Eines Schattens Traum ist der Mensch

"Tagwesen! Was ist? was ist man nicht? Eines Schattens Traum
Der Mensch! Sobald aber Glanz, gottgegebener, kommt, ist
Strahlend Licht bei den Menschen, freundlich ihr Dasein."
(Pindar, Pythische Ode VIII, 94-97)

Sargbemalungen sind keine Modeerscheinung des 21. Jahrhunderts. Allein in Wien gibt es in vielen Grüften wie der Augustinergruft, der Franziskanergruft und der mit Führungen zugänglichen Michaelergruft bemalte Särge. Dabei handelt es sich um barocke Särge aus dem 18. Jahrhundert!
Sich den Sarg nach eigenen Wünschen gestalten zu lassen war ein wichtiger Bestandteil der Vorbereitung auf den Tod. Die Motive auf den Särgen zeugen noch von tiefer Frömmigkeit mit Kreuzesdarstellungen und Engeln und der Bewusstmachung der Vergänglichkeit durch Sanduhren, das verrinnende Leben anzeigend oder verlöschten Lebenskerzen. Die barocken bemalten Särge veranschaulichen damit ein Stück Leben im Wien des 18. Jahrhundert und zeigen, dass sich die Menschen der Barockzeit sehr wohl mit dem Tod auseinander setzten.

Im 21. Jh. gibt es keine Vorlagen mehr, Ernst Zdrahal durfte natürlich selbst entscheiden, wie er "seine" Särge bemalen wollte.
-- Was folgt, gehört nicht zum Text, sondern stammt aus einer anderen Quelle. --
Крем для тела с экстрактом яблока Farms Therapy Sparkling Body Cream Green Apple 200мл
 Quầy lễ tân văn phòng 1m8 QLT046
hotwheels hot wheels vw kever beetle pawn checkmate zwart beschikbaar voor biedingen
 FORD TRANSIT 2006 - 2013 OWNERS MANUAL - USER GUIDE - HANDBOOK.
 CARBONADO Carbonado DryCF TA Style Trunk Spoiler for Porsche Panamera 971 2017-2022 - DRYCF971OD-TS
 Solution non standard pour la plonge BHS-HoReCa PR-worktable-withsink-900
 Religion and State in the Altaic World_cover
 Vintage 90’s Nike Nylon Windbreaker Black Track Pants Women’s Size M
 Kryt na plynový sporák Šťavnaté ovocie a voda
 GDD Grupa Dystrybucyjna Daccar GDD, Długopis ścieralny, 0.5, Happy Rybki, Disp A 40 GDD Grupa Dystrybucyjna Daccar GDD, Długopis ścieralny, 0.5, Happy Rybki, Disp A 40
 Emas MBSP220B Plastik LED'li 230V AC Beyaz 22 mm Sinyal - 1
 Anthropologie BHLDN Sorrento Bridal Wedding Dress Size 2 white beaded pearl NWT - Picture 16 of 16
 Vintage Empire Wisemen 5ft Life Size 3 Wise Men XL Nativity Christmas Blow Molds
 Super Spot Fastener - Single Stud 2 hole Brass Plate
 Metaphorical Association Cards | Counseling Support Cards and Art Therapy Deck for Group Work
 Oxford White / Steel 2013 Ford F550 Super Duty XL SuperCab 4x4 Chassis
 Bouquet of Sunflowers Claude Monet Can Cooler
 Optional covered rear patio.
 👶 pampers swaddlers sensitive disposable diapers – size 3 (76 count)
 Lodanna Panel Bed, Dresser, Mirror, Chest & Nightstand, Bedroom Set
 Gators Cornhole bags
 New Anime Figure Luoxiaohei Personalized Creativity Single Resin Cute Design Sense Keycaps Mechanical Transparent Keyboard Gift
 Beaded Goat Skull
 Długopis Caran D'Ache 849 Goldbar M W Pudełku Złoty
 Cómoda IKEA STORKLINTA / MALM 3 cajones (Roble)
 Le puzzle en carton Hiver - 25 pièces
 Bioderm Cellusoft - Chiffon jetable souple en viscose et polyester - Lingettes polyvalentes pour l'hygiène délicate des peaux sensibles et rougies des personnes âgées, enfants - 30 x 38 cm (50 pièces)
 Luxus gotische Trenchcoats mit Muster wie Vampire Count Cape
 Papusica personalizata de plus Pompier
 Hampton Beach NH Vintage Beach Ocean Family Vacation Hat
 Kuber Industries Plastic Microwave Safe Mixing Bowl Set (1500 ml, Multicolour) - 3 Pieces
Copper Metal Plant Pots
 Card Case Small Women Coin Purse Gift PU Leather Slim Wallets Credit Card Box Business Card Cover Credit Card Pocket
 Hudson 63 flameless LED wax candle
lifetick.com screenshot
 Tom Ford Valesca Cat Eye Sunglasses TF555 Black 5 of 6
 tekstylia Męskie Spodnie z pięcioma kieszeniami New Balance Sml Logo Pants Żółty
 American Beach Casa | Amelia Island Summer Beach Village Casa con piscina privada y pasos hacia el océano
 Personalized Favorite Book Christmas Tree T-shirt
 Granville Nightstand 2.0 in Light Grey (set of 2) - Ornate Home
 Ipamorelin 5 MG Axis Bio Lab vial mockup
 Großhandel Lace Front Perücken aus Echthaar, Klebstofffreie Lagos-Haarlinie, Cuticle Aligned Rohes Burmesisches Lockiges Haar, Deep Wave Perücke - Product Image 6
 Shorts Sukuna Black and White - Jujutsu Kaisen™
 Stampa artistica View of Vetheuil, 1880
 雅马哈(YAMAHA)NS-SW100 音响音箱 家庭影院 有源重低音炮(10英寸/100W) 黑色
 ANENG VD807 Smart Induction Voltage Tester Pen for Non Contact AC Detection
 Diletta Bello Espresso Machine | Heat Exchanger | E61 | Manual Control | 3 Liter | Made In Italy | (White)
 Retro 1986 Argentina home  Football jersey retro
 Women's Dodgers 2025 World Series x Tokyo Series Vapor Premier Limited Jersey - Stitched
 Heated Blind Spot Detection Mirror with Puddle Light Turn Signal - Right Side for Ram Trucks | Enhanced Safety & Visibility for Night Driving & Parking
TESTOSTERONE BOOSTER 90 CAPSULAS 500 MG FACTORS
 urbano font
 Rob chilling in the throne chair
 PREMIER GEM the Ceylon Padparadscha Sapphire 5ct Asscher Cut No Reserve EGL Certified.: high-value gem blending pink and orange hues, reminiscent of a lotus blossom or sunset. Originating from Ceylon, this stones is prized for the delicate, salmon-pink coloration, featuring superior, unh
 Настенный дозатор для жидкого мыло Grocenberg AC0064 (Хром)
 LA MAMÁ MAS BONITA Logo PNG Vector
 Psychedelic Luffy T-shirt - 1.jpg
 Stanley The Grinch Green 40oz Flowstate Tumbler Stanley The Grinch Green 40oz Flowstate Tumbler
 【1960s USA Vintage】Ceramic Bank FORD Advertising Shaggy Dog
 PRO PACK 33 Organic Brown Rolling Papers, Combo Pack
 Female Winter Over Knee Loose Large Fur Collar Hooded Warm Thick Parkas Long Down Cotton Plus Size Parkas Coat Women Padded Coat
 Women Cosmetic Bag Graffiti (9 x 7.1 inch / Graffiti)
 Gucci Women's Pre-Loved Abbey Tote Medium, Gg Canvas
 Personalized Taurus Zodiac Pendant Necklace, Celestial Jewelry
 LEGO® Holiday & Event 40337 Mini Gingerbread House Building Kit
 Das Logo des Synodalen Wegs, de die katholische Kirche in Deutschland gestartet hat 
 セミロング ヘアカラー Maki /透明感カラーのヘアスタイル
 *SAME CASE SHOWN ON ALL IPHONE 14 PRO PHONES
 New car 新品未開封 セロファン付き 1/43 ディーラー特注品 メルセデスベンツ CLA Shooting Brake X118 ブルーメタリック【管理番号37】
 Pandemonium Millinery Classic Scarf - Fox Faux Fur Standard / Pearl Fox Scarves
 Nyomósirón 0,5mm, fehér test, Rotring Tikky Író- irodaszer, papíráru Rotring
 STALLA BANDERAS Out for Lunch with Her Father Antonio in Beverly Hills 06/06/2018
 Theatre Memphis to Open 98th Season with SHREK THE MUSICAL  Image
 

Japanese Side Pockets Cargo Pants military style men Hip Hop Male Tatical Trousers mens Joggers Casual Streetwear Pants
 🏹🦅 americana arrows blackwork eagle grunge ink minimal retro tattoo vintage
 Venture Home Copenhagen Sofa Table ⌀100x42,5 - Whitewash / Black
Zdrahal wählte für den ersten Sarg das Motiv "Mumie". Das Bemalen eines Sarges an sich ist eine Auseinandersetzung mit dem Tod, selbst wenn man Blumen malt. Heitere Motive könnten Verdrängung oder wenigstens Ablenkung vom Tod bedeuten, nicht jedoch das Malen von Mumien. Zdrahals Mumien zeigen Reste ihres vergangenen Lebens und wirken gar nicht traurig. Die Hände sind auf Bauchhöhe gefaltet, auf der Brust liegt ein kleines Kreuz. Jede Mumie sieht anders aus, ein Stück Individualität ist in den Tod gerettet. Sie tragen Kleidung, besonders deutlich erkennbar sind Hauben, unter dem Kinn mit einer Schleife zusammengebunden. Diese Art der Tracht hat sich in der Michaelergruft in mehreren Särgen erhalten, genau wie in Zdrahals Sargbemalung ruhen die etwa 250 Jahre alten Mumien mit übereinander gelegten Händen und Kreuzen in ihren Holzsärgen, viele Frauen tragen genau diese Art der Haube.

Der zweite Sarg dagegen ähnelt den barocken Vorgängern, denn die Vanitassymbolik mischt sich mit Hoffnung. Zwei Fußsohlen am Sargende abgebildet und ein Totenkopf auf gekreuzten Oberschenkelknochen (wieder ein gängiges Motiv der Michaelergruft auf Särgen und ganz real in Form echter Knochen) zeigen zwar die Vergänglichkeit, doch auf dem Sargdeckel ist ein Wesen abgebildet. Ein Schatten? Ein Engel? Die bunten Seiten könnten für Flügel gehalten werden. Zdrahal wählte Pindars Worte "Eines Schattens Traum ist der Mensch" als Sargbeschriftung. Doch der "gottgegebene Glanz" trifft den Schatten, Zdrahals Sarg wirkt somit freundlich, optimistisch, hoffnungsvoll.